TASK PROMPT>
The copy must hold every line from the one with "搭上绿色生态旅游顺风车 甘榜古亚村深具潜力" through the end of the listing, word for word, and must hold no pictures.

EXTRACTED MATERIAL>
= = =

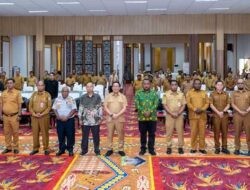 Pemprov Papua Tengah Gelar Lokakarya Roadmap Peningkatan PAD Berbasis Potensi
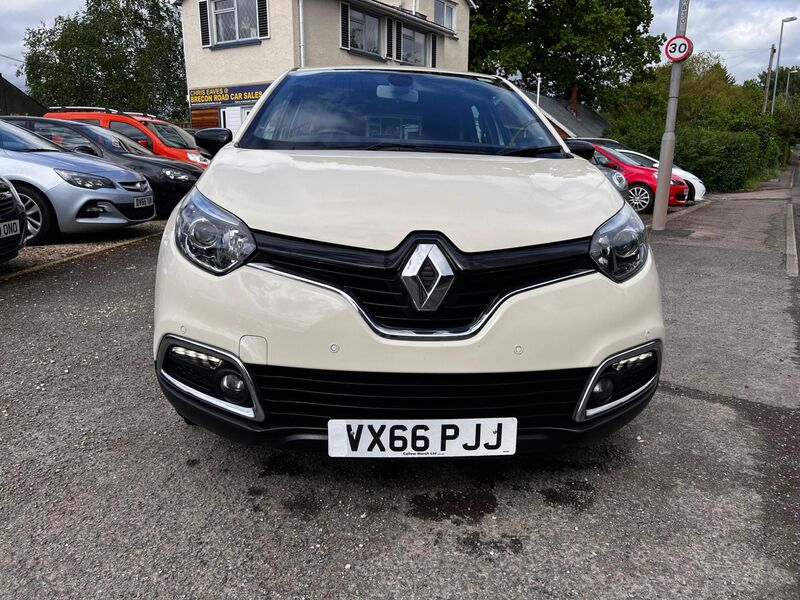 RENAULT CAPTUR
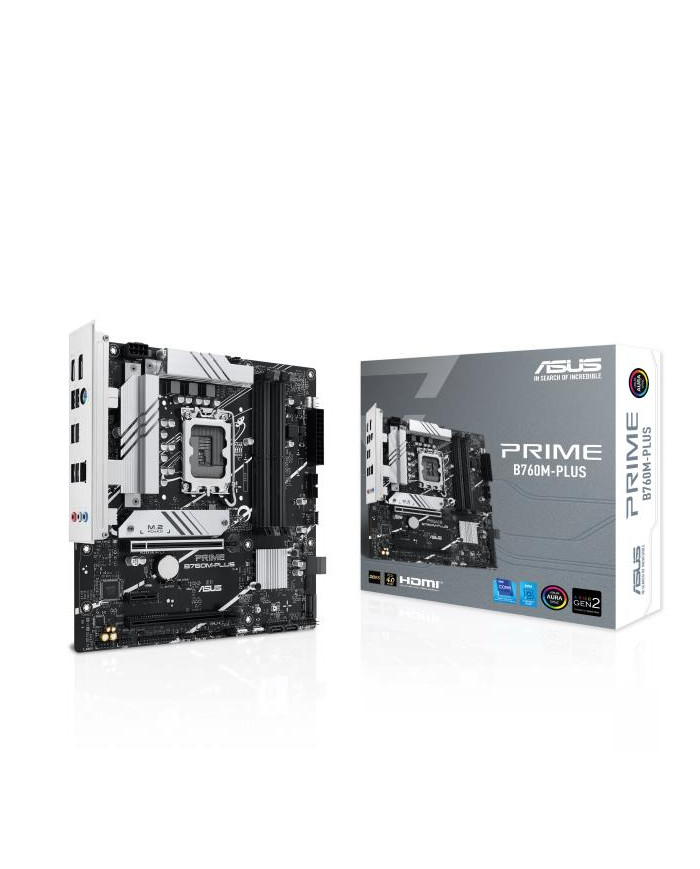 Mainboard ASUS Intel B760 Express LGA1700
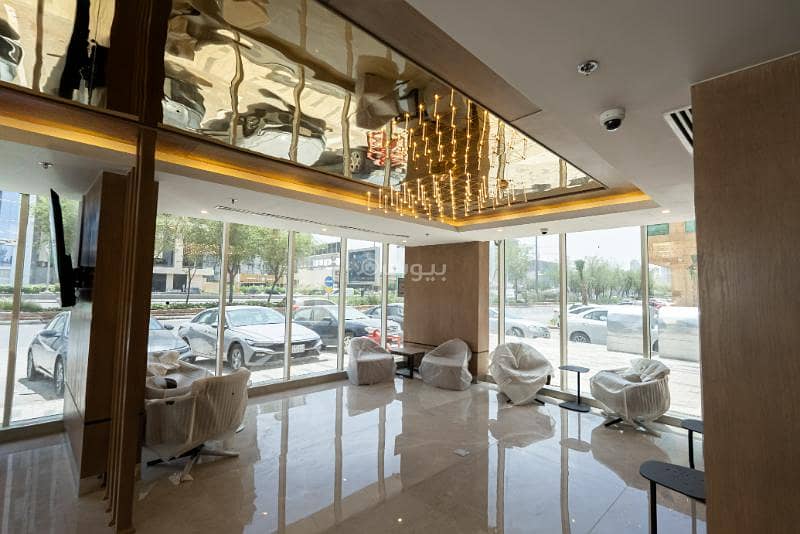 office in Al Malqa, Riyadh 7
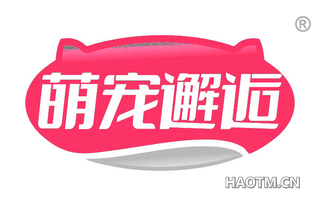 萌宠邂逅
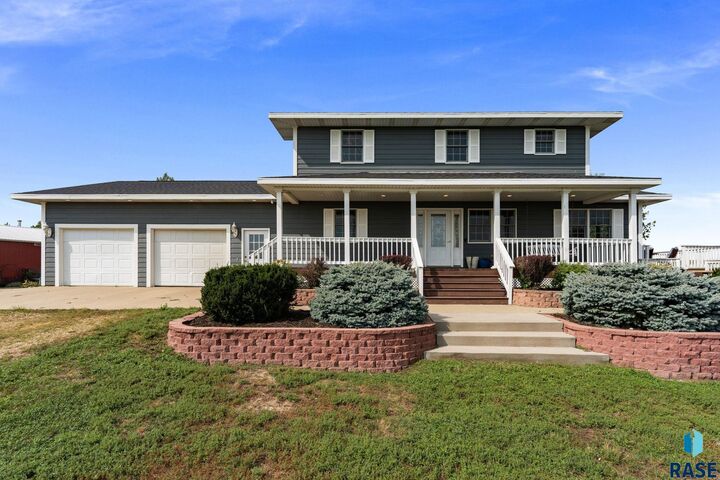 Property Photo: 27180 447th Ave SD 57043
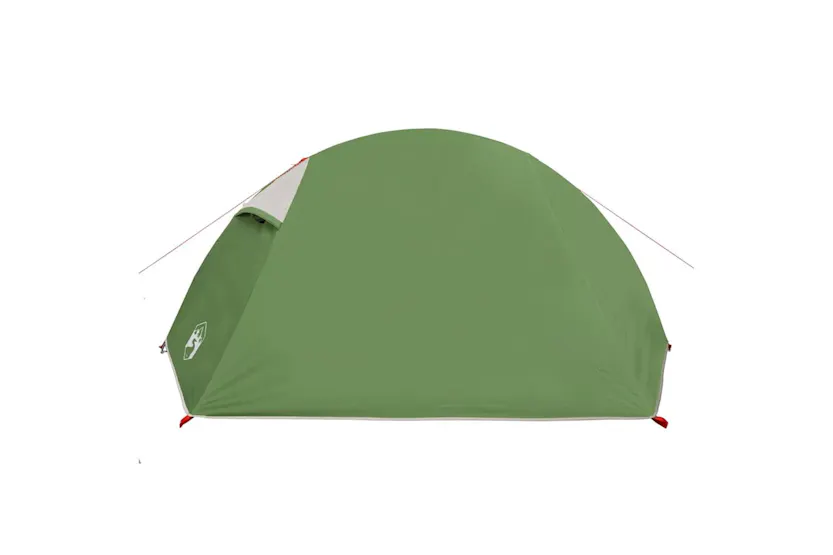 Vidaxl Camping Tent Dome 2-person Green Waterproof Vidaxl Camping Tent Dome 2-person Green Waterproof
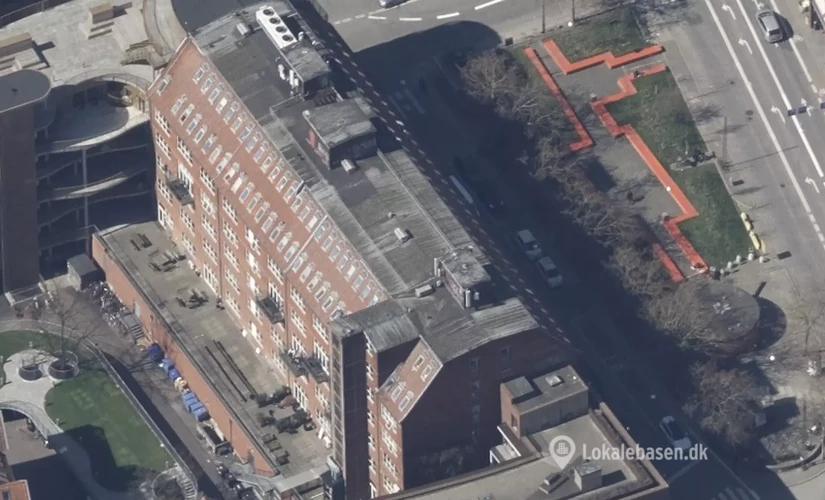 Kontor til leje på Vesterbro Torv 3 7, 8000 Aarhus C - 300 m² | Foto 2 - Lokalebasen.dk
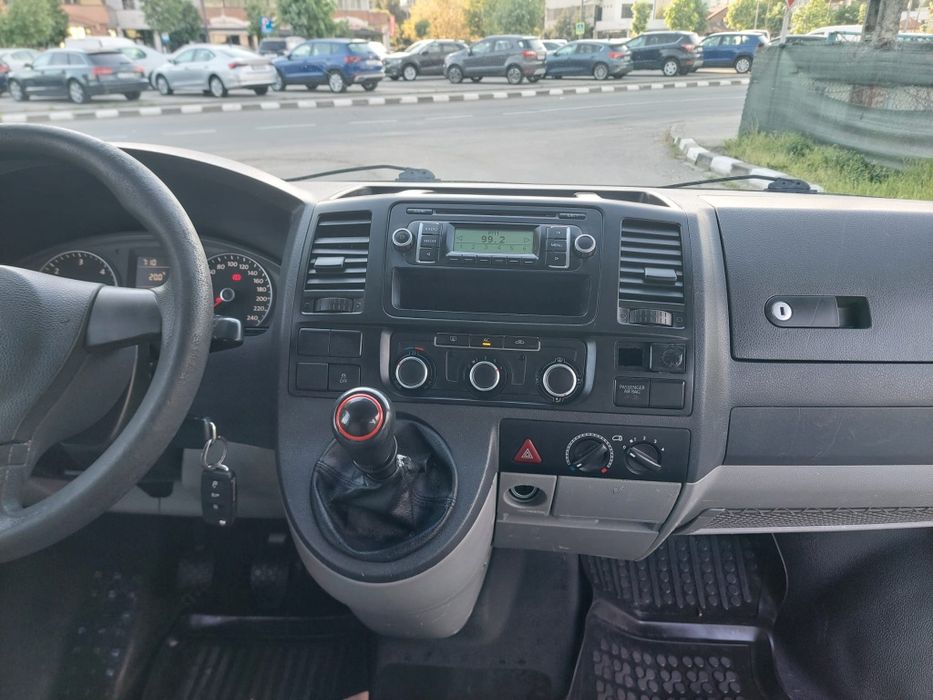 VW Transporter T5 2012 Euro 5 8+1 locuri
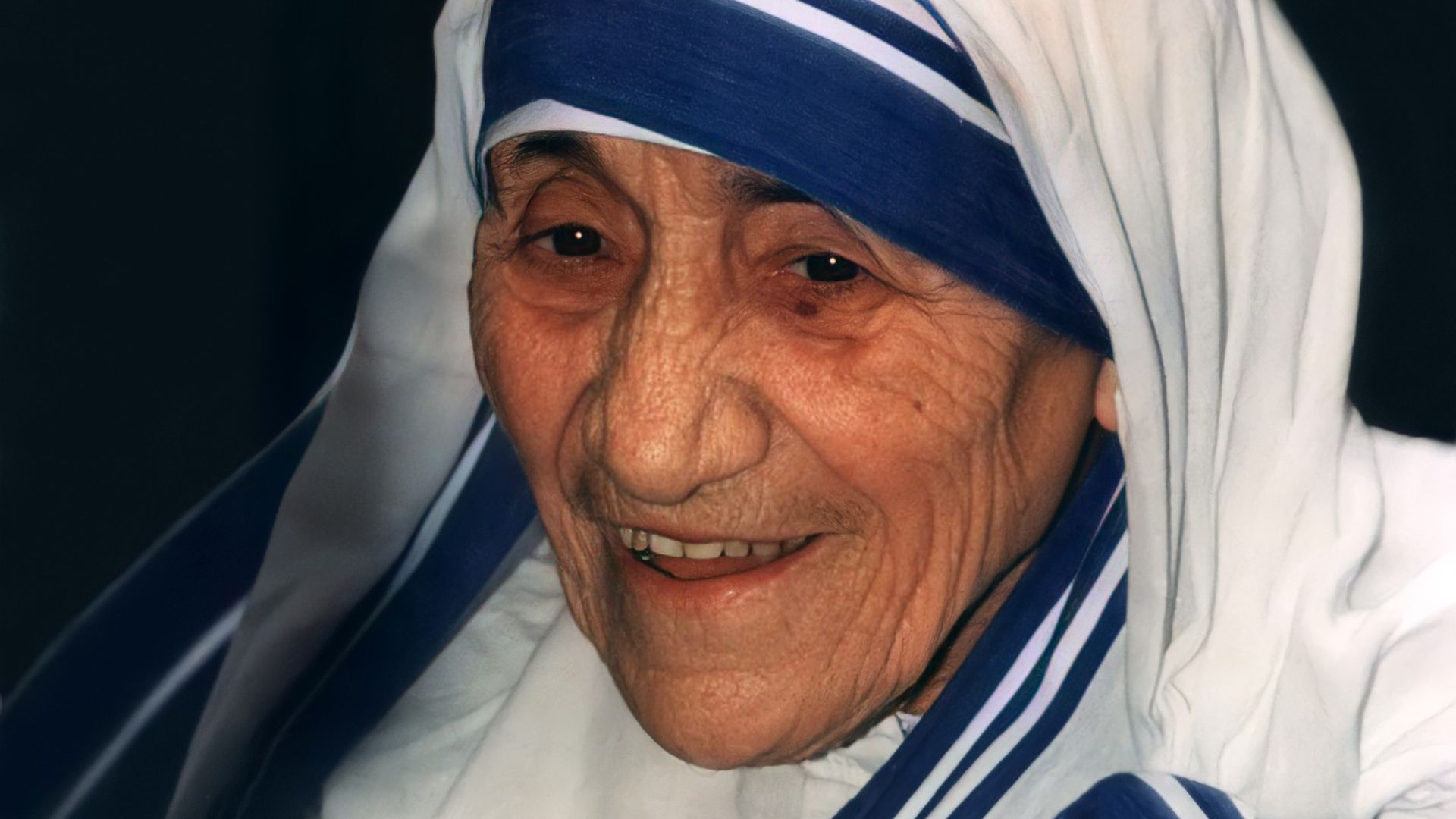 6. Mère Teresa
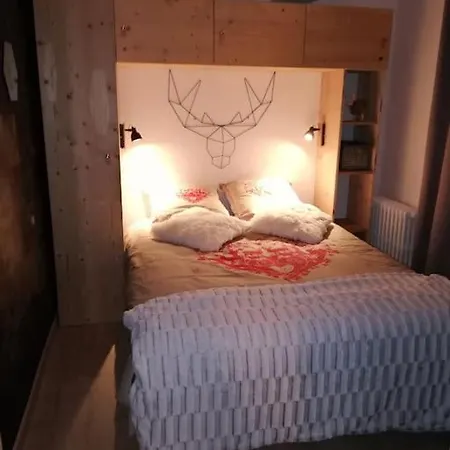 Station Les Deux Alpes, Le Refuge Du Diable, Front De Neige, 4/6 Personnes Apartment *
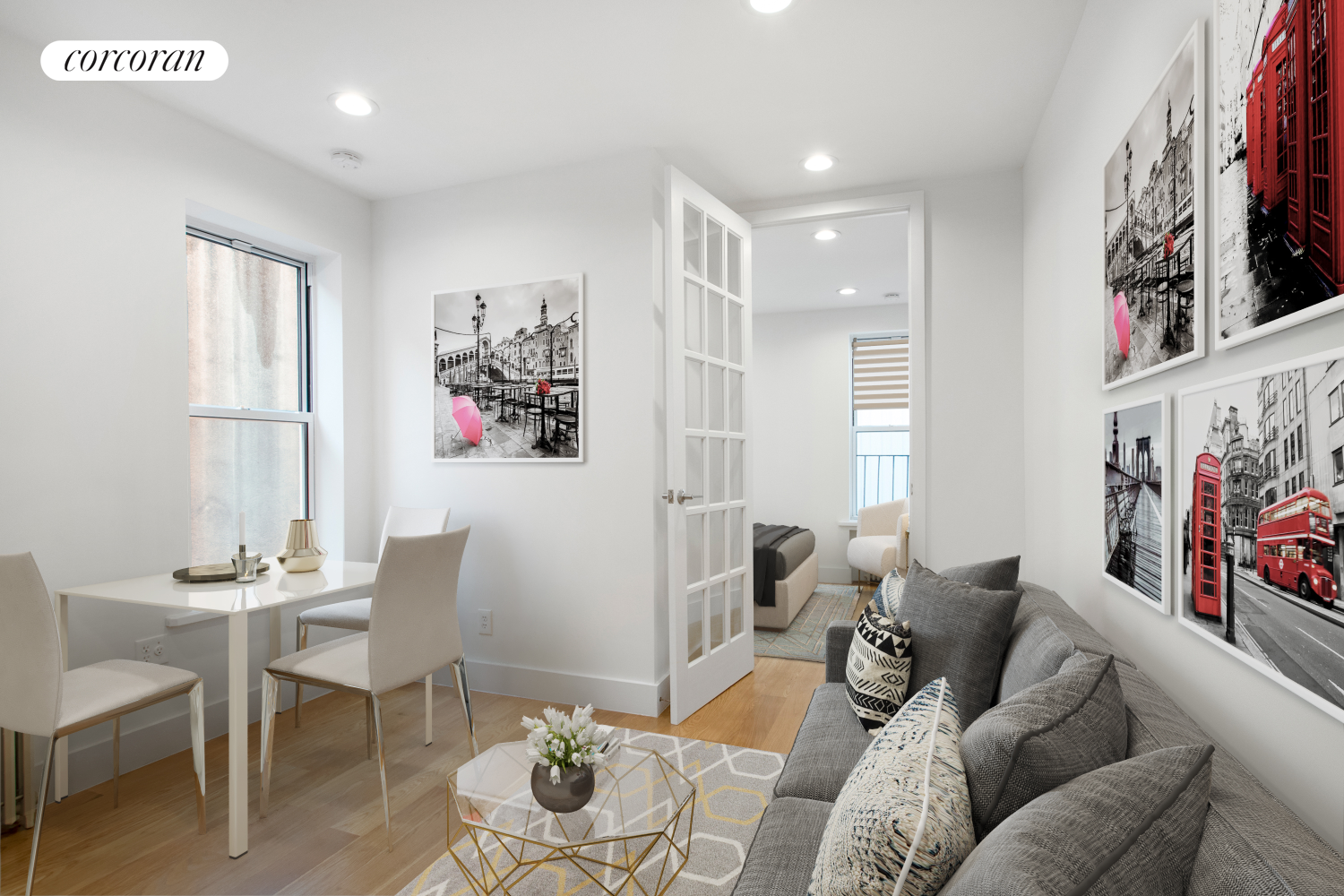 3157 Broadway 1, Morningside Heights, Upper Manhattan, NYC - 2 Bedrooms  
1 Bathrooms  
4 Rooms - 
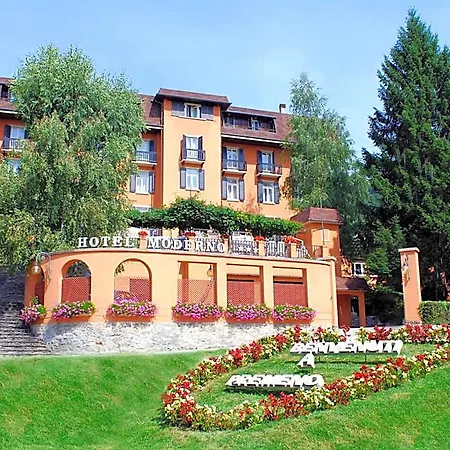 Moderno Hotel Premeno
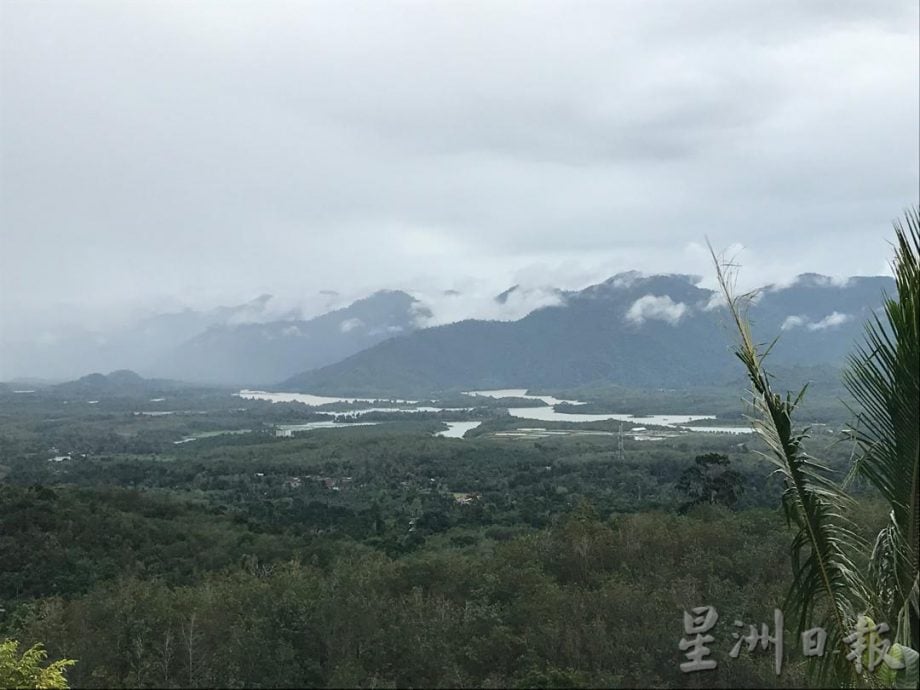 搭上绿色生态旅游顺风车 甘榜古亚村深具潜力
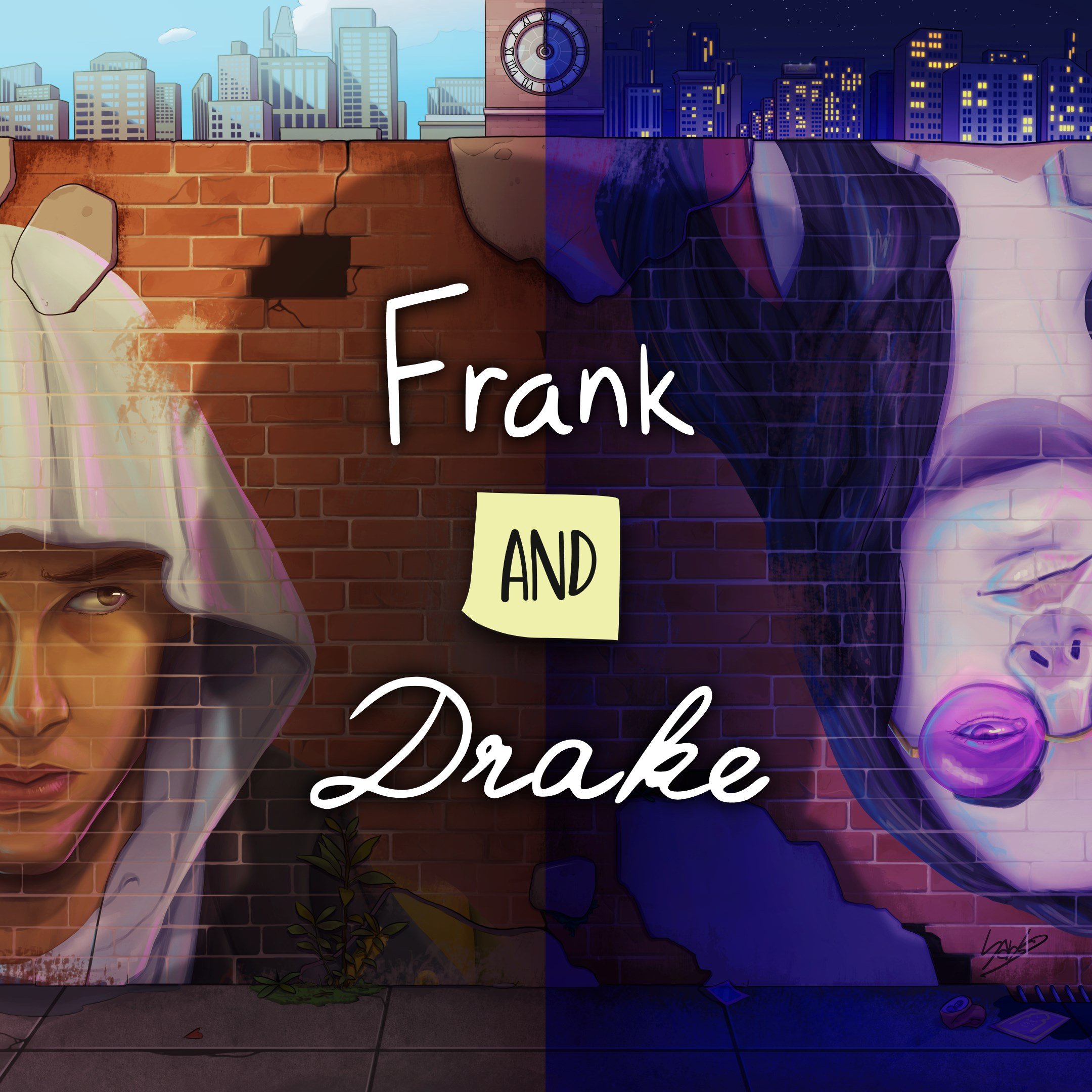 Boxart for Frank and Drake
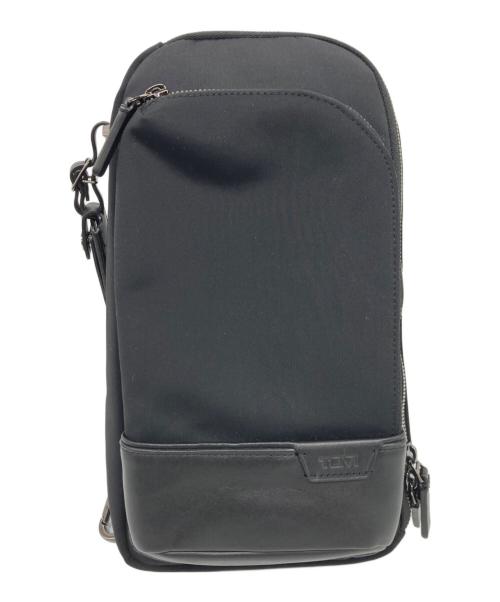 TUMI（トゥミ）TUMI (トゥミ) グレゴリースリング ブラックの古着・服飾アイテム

= = =

EXERCISE SOLUTION>
 搭上绿色生态旅游顺风车 甘榜古亚村深具潜力
 Boxart for Frank and Drake
 TUMI（トゥミ）TUMI (トゥミ) グレゴリースリング ブラックの古着・服飾アイテム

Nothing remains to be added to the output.